I think “partly-utilitarian AI,” in the standard sense of the phrase, would produce orders of magnitude less utility than a system optimizing for utility, just because it’s likely that optimization for [anything else] probably comes apart from optimization for utility at high levels of capability.
What about the following counterexample? Suppose a powerful agent optimizes for a mixed objective, which leads to it optimizing ~half of the accessible universe for utilitarianism, the other ~half for some other scope-sensitive value, and a few planets for modal scope-insensitive human values. Then, even at high levels of capability, this universe will be ~half as good by utilitarian lights as a universe that’s fully optimized for utility, even though the optimizer wasn’t just optimizing for utility. (If you doubt whether there exist utility functions that would lead to roughly these outcomes, I’m happy to make arguments for that assumption.)
(I also don’t yet find your linked argument convincing. It argues that “If a future does not involve optimizing for the good, value is almost certainly near-zero.” I agree, but imo it’s quite a leap to conclude from that that [If a future does not only involve optimizing for the good, value is almost certainly near-zero.])
If we stipulate that “partly-utilitarian AI” makes a decent fraction of the utility of a utilitarian AI, I think such a system is extremely unlikely to exist.
This seems like a possible crux, but I don’t fully understand what you’re saying here. Could you rephrase?
[Added] Pasting this from my reply to Josh:
(Maybe I could have put more emphasis on what kind of AI I have in mind. As my original comment mentioned, I’m talking about “a sufficiently strong version of ‘partly-utilitarian.’” So an AI that’s just slightly utilitarian wouldn’t count. More concretely, I have in mind something like: an agent that operates via a moral parliament in which utilitarianism has > 10% of representation.)
Sure, this would presumably be ~half as utility-producing as a utilitarian AI (unless something weird happened like value being nonlinear in resources, but maybe in that case the AI could flip a coin and do 100-0 or 0-100 instead of 50-50). And maybe this could come about as a result of trade/coordination. But it feels unlikely to me. In particular, while “moral parliament” isn’t fully specified, in my internal version of moral parliament, I would not expect a superintelligence to have much moral uncertainty, and certainly would not expect it to translate that moral uncertainty into using significant resources to optimize for different things. (Note that the original moral parliament post thought you should end up acting as if you’re certain in whatever policy wins a majority of delegates—not use 10% of resources on 10% of delegates.) And if we do anything except optimize for utility (or disutility) with some resources, I think those resources produce about zero utility.
Ah good point, I was thinking of a moral parliament where representation is based on value pluralism rather than moral uncertainty, but I think you’re still right that a moral parliament approach (as originally conceived) wouldn’t produce the outcome I had in mind.

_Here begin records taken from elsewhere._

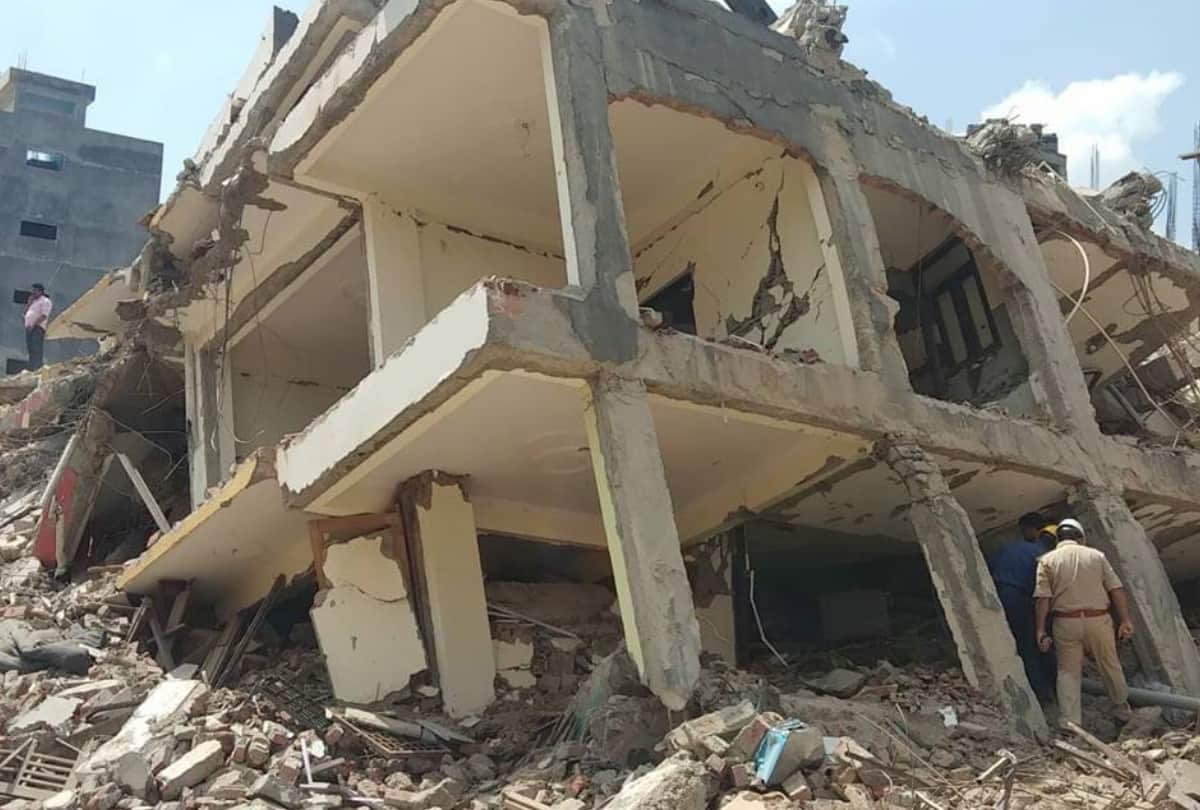 naushad wife want husband not money in shahberi building collapse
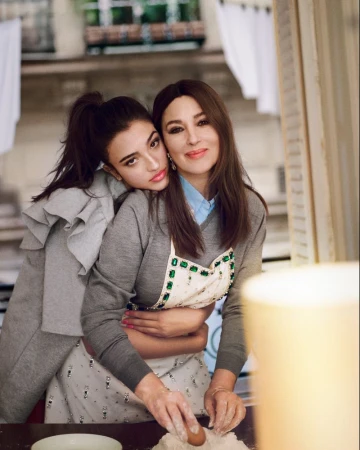 Léonie E Monica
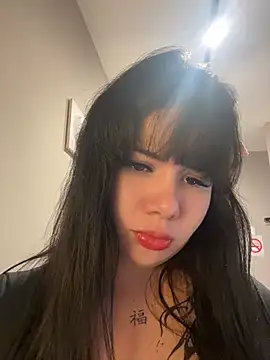 Lina oficial online show from August 6, 2026, 11:00 pm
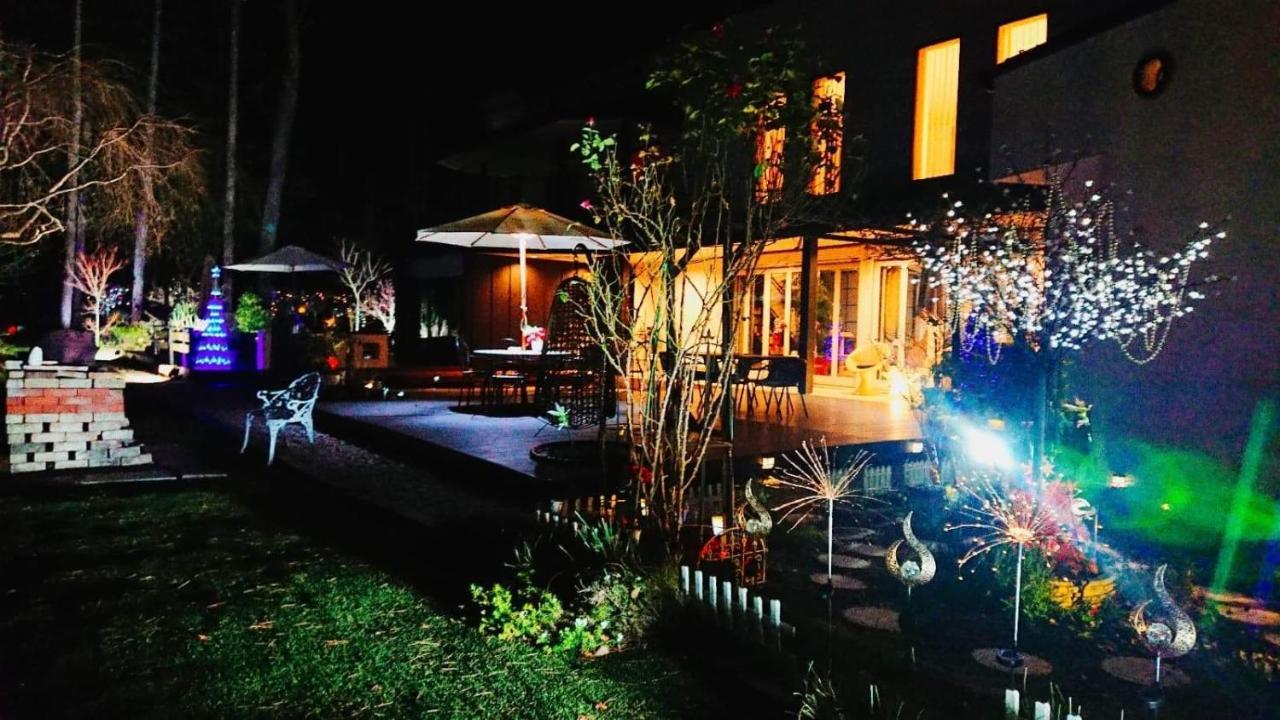 Kakureyado Fujikawaguchiko Bed & Breakfast Exterior photo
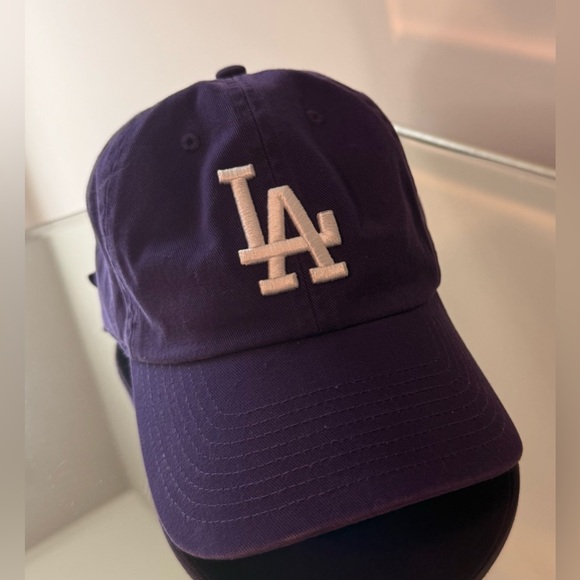 NWOT - LA Dodgers Baseball Cap - Purple - Picture 1 of 3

Still, is it that hard for some approach to produce a compromise? (Is the worry that [creating a powerful optimizer that uses significant resources to optimize for different things] is technically hard even if alignment has been solved? Edited to add: My intuition is this isn’t hard conditional on alignment being solved, since e.g. then you could just align the AI to an adequately pluralistic human or set of humans, or maybe directly reward this sort of pluralism in training, but I haven’t thought about it much.)
(A lot of my optimism comes from my assumption that ~all (popularity-weighted) value systems which compete with utilitarianism are at least somewhat scope-insensitive, which makes them easy to mostly satisfy with a small fraction of available resources. Are there any prominent value systems other than utilitarianism that are fully scope-sensitive?)
I agree that utilitarianism’s scope sensitivity means a compromise with less scope-sensitive systems could be highly utilitarian. And this may be very important. (But this seems far from certain to me: if Alice and Bob have equal power and decide to merge systems, and Alice is highly scope-sensitive and Bob isn’t, it seems likely Bob will still demand half of resources/etc., under certain reasonable assumptions. On the other hand, such agents may be able to make more sophisticated trades that provide extra security to the scope-insensitive and extra expected resources to the scope-sensitive.)
Regardless, I think scenarios where (1) a single agent controls ~all influence without needing to compromise or (2) multiple agents converge to the same final goals and so merge without compromise are more likely than scenarios where (3) agents with significant influence and diverse preferences compromise.
(So my answer to your second paragraph is “no, but”)
Good points re: negotiations potentially going poorly for Alice (added: and the potential for good compromise), and also about how I may be underestimating the probability of human values converging.
I still think scenario (1) is not so likely, because:
Any advanced AI will initially be created by a team, in which there will be pressures for at least intra-team compromise (and very possibly also external pressures).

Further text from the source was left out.